> Exercise:
Below this sentence is a listing; return exactly its lines from the one with "There are no" to the one with "Photo by isaactmitchell", both kept, and nothing more.

> Listed records:
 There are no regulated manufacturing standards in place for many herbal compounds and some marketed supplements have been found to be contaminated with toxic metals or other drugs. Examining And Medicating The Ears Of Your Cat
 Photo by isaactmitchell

--

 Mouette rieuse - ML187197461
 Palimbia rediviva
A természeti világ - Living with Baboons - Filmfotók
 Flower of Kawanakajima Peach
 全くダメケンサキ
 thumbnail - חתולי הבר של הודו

> Written solution:
 There are no regulated manufacturing standards in place for many herbal compounds and some marketed supplements have been found to be contaminated with toxic metals or other drugs. Examining And Medicating The Ears Of Your Cat
 Photo by isaactmitchell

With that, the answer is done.